1. Field of the Invention
The present invention relates to a semiconductor device and a method for manufacturing the semiconductor device. More particularly, the invention relates to a semiconductor device comprising resistor elements and to a method for manufacturing that device.
2. Background Art
Resistor elements included in a semiconductor device fall into two major categories: diffusion resistances utilizing a diffusion layer formed on the surface of a semiconductor substrate, and polysilicon resistances employing a polycrystal silicon film. The resistor elements composed of polysilicon resistances are furnished in many cases over an element isolating film on the semiconductor substrate.
FIGS. 13A, 13B and 13C are schematic views showing how resistor elements are formed illustratively using a gate layer on an element isolating oxide film. FIG. 13A is a plan view of a semiconductor device comprising resistor elements, and FIGS. 13B and 13C are cross-sectional views taken on a dashed line IV—IV in FIG. 13A.

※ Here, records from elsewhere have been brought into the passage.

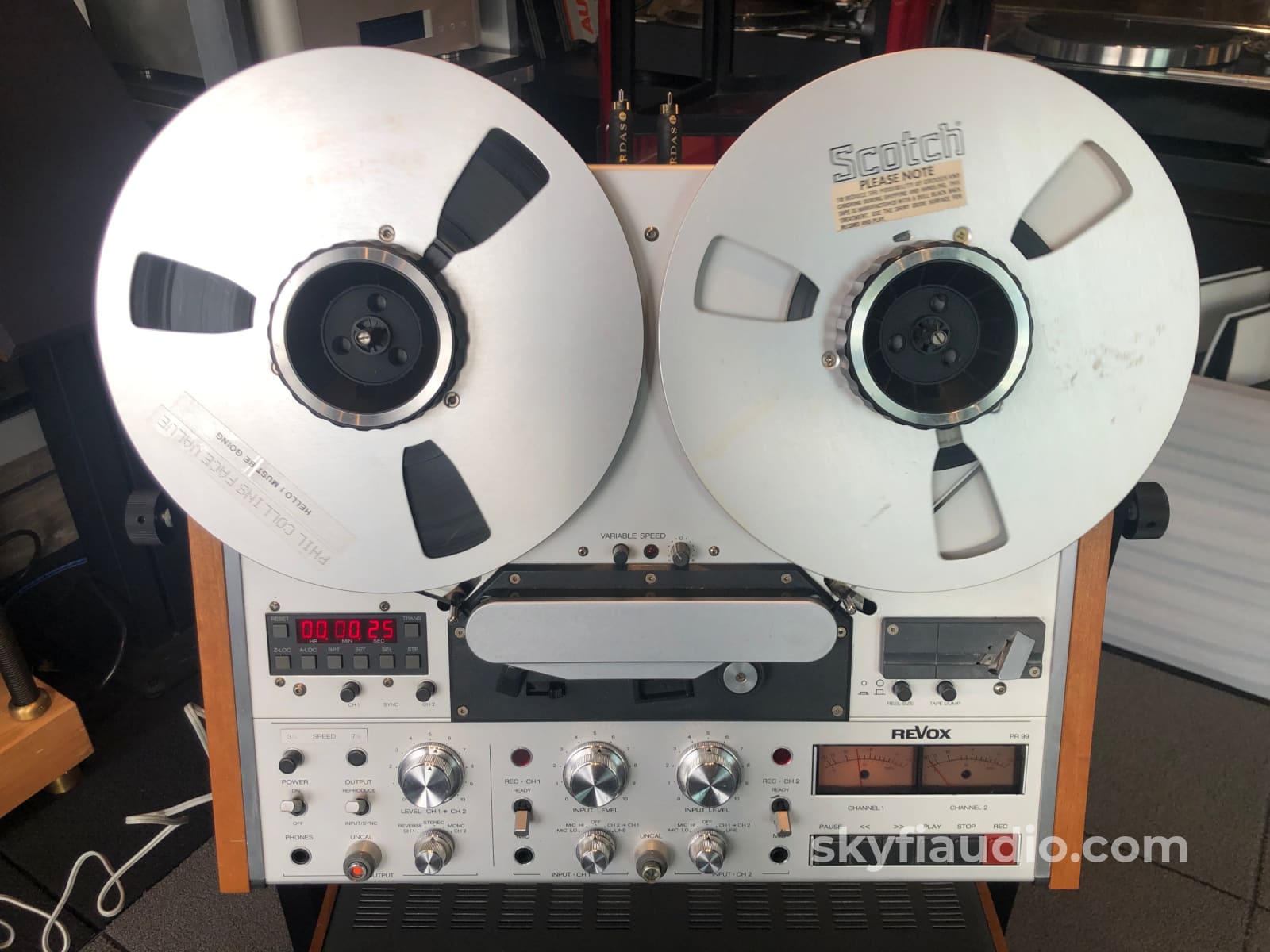 Revox Pr99 Mkii Reel To - 2 Track Collectors Favorite Tape Deck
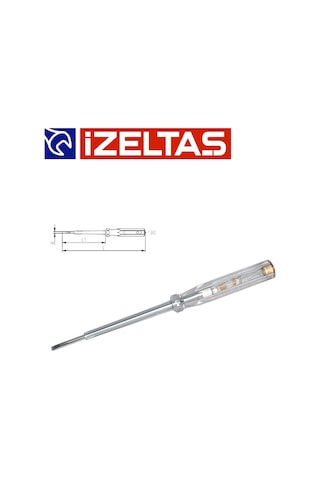 İzeltaş 10 Adet 190 MM Düz Uçlu Elektrik Kontrol Kalemi
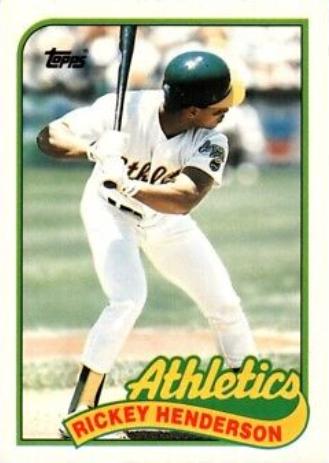 1989 Topps Traded Rickey Henderson #48T card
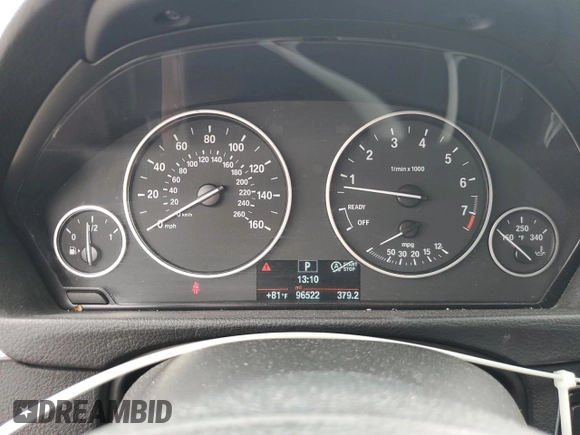 2015 BMW 3 Series 328i Gran Turismo xDrive with VIN WBA3X5C54FD560468, listed as a Copart auction lot 54310135 with 96,522 mi miles and Salvage title. Bid and sale history available at DreamBid. Image 9.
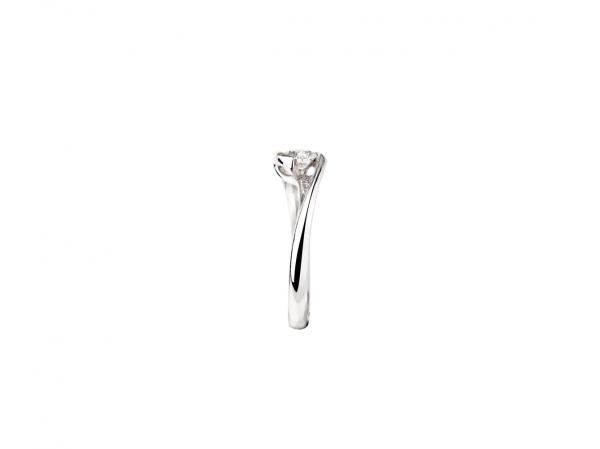14K白鑽戒 0.30ct/1p 0.06ct/6p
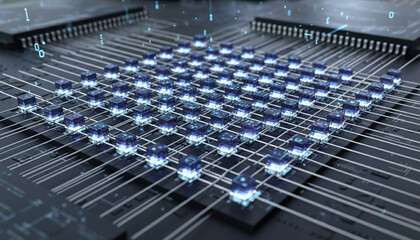 Memristor crossbar array architecture grid for neuromorphic computing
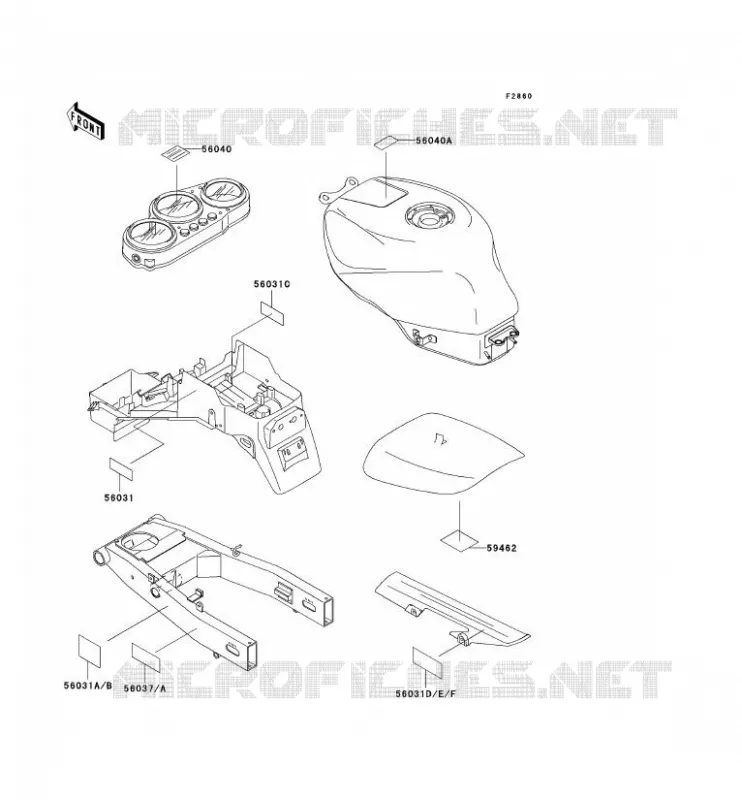 LABEL Kawasaki MOTOS 600 1995 NINJA ZX-6R  ZX600-F1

As semiconductor devices are getting finer in structure today, it is customary to have their elements isolated by the so-called shallow trench isolation (STI) process involving chemical mechanical polishing (CMP). With the semiconductor shown in FIGS. 13A through 13C, element isolation over a semiconductor substrate 101 is accomplished by means of an element isolating oxide film 102 formed by STI. The element isolating oxide film 102 is manufactured by STI as follows: trenches are first etched on the semiconductor substrate 101. The trenches are then filled with an insulating film such as a silicon oxide film deposited all over the substrate surface. Excess insulating film portions outside the regions covering the trenches are removed by CMP, leaving the insulating film regions in place.
With the semiconductor device in FIGS. 13A through 13C, a plurality of resistor elements 104 are formed on the element isolating oxide film 102 after fabrication of the film 102. Each resistor element 104 is connected in a subsequent wiring process to a wiring layer 105 located above the element with a contact layer 106 interposed therebetween. The resistor elements 104 measure about 100 μm in total length (L) each. Because a large number of resistor elements 104 need to be formed on the semiconductor substrate 101, it is common practice to form initially an extensive element isolating oxide film 102 and then deposit the numerous resistor elements 104 collectively over the film 102.
The resistance value of the resistor elements 104 thus manufactured is determined by diverse factors: pattern width, total element length and element thickness, as well as by the manner in which the film is grown, the density of impurities implanted, profiles in the direction of thickness, and the type of heat treatment applied.
One disadvantage involved in forming the element isolating oxide film 102 over an extensive area is what is known as the “oxide dishing” problem occurring during planarization by CMP, a phenomenon in which the middle portion of the film 102 tends to become thinner than the remaining portions of the film. The problem is attributable to the fact that the amount of CMP becomes greater the closer the polishing location to the center of the element isolating oxide film 102 away from its periphery. The dishing phenomenon results in a concave formation in the middle of the element isolating oxide film 102, as shown in FIG. 13C.
Manufacturing the resistor elements 104 on such a concave-shaped element isolating oxide film 102 leads to differences in shape between the elements 104 in the middle of the film 102 on the one hand, and the elements 104 near the periphery of the film on the other hand.
The differences in element shape take on three major manifestations: (1) a polycrystal silicon film, formed as the material of the resistor elements 104 on the concave-shaped element isolating oxide film 102, tends to be thicker in the middle than near the periphery; (2) the staggered heights of the resistor elements 104 cause differences in width between the elements 104; and (3) there occur differences in cross-sectional shape between the resistor elements 104. Those differences become more pronounced the greater the width of the element isolating oxide film 102.
FIG. 14 is a characteristic diagram, a graphic representation showing relations (plotted by a solid line) of the center height (H) of the element isolating oxide film 102 with regard to the width of the film 102, in comparison with relations (plotted by a dotted line) of the amount of shift in total length (Lshift) of the resistor elements 104 with respect to the width of the element isolating oxide film 102. As illustrated in FIG. 14, the height of the element isolating oxide film 102 diminishes and the amount of shift in total length of the resistor elements 104 increases the greater the width of film 102. In particular, when the width of the element isolating oxide film 102 is 100 μm, the amount of shift in total length of the resistor elements 104 is as much as 13 percent. That means the shift in resistance value will amount to 13 percent as well.
As outlined above, conventional techniques have so far failed to maintain the resistor elements 104 in a consistent shape during fabrication on the element isolating oxide film 102. The failure has produced differences in resistance value between the resistor elements 104, making it difficult for the elements to be adopted in circuits of high precision requirements such as analog circuits.